This morning, my husband and I got into a big fight. I wanted him to talk to his father about something, and he felt like I was calling him stupid. We blew up, yelled at each other, huffed and sighed, and within about 20 minutes were again playing grab-ass in the car on the way to breakfast. This isn’t atypical for us. And we have one of the happiest, most sexual, most passionate marriages of anyone I know. Fights make us stronger.
We are not alone. Countless studies show that communication is one of the main cornerstones of good marriages and while fighting isn’t outright a sign of a strong marriage, healthy arguments and cathartic blowups actually help to diffuse building tension. My husband and I blow up and then we calm down, but we almost never bring up past fights. Because they are in the past.
That’s the thing about fighting: If you do it right, it’s like a thunderstorm. It moves in. It wets the area ferociously and with great vigor. And then it passes. The sun comes out again, the end.
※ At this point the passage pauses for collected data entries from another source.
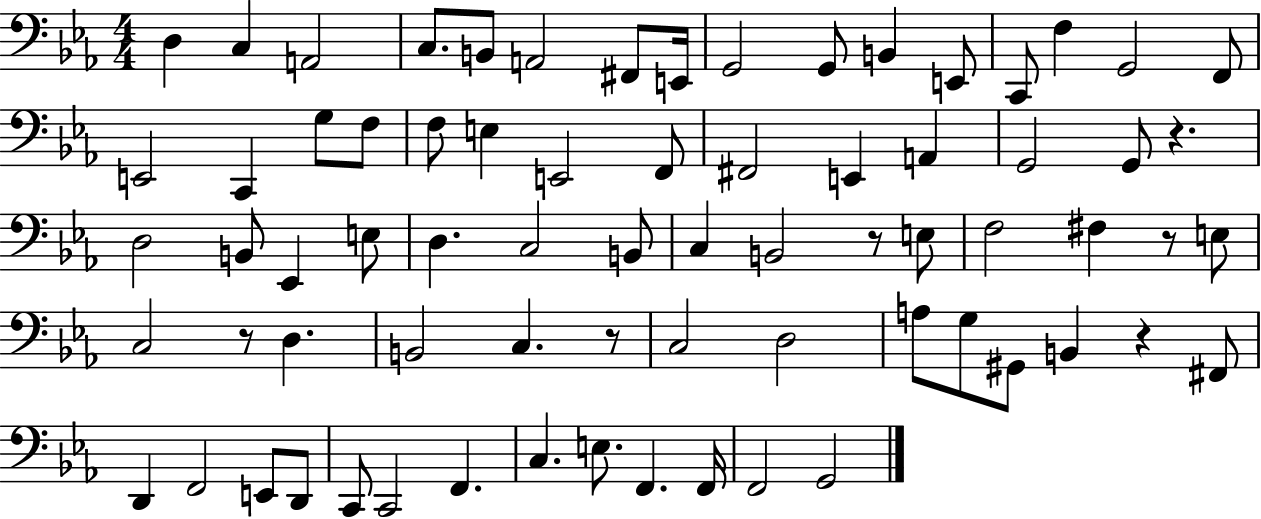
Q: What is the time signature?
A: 4/4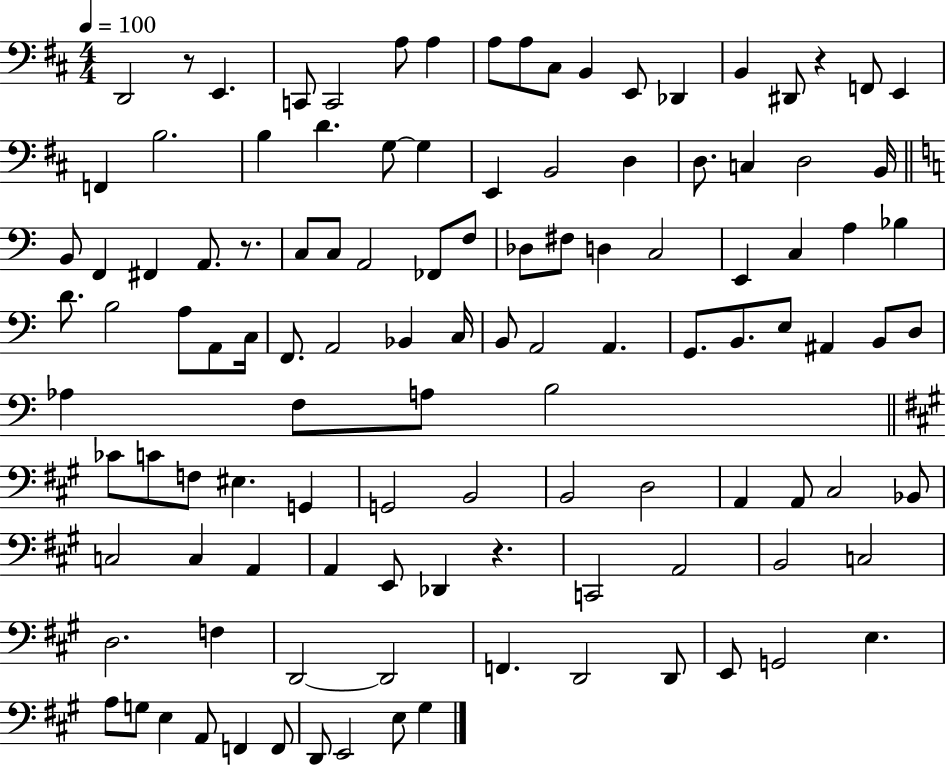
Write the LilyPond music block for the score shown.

{
  \clef bass
  \numericTimeSignature
  \time 4/4
  \key d \major
  \tempo 4 = 100
  d,2 r8 e,4. | c,8 c,2 a8 a4 | a8 a8 cis8 b,4 e,8 des,4 | b,4 dis,8 r4 f,8 e,4 | \break f,4 b2. | b4 d'4. g8~~ g4 | e,4 b,2 d4 | d8. c4 d2 b,16 | \break \bar "||" \break \key c \major b,8 f,4 fis,4 a,8. r8. | c8 c8 a,2 fes,8 f8 | des8 fis8 d4 c2 | e,4 c4 a4 bes4 | \break d'8. b2 a8 a,8 c16 | f,8. a,2 bes,4 c16 | b,8 a,2 a,4. | g,8. b,8. e8 ais,4 b,8 d8 | \break aes4 f8 a8 b2 | \bar "||" \break \key a \major ces'8 c'8 f8 eis4. g,4 | g,2 b,2 | b,2 d2 | a,4 a,8 cis2 bes,8 | \break c2 c4 a,4 | a,4 e,8 des,4 r4. | c,2 a,2 | b,2 c2 | \break d2. f4 | d,2~~ d,2 | f,4. d,2 d,8 | e,8 g,2 e4. | \break a8 g8 e4 a,8 f,4 f,8 | d,8 e,2 e8 gis4 | \bar "|."
}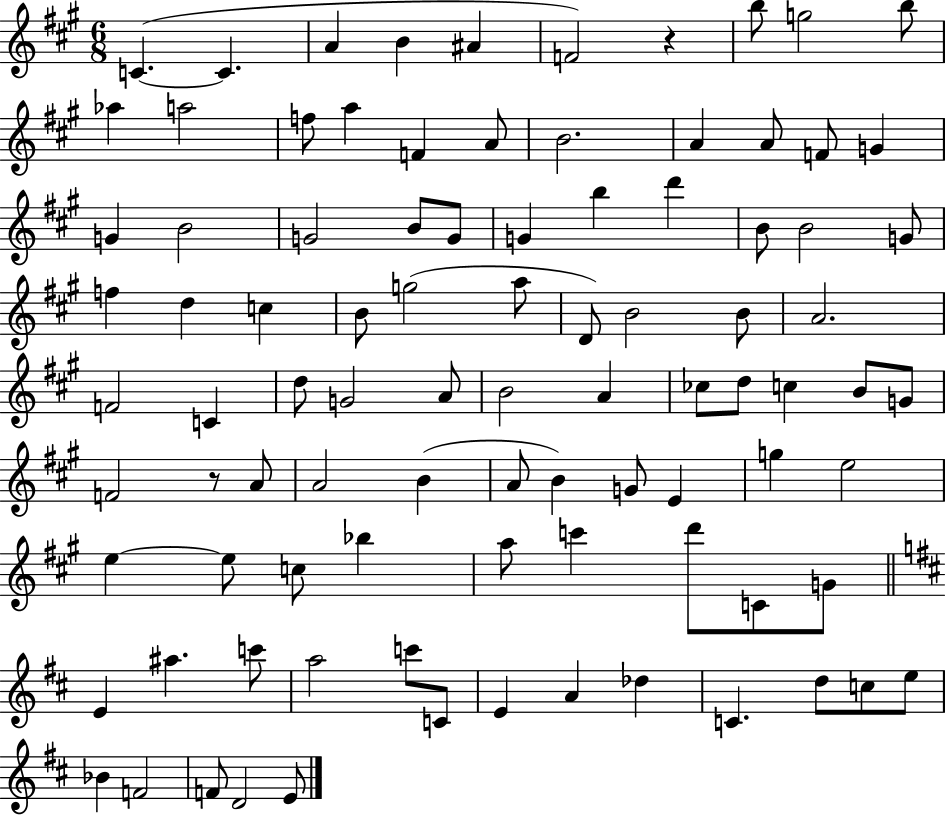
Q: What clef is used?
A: treble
If you are afraid of confrontation and fighting, you end up living under the constant threat of a thunderstorm but without any discharge for all that energy. That’s when resentment builds and marriages fall apart.
Obviously, this doesn’t mean all fights are equal. Yelling curse words at each other and then retreating to separate quarters does not a healthy marriage make. But the marriages I see where people are just living peacefully with very little drama (and very little passion) make me personally sad. They seem more like business arrangements. And if you dig beneath the surface, that same quiet reticence extends to the bedroom. Meanwhile, the passion that explodes in anger during the day explodes into fire at night in my marriage. It’s not a bad thing. They are just two different sides of the passion coin.
If you are a couple who fights a lot, take heart. It doesn’t automatically mean things are bad. In fact, it could be a sign that things are very right, indeed.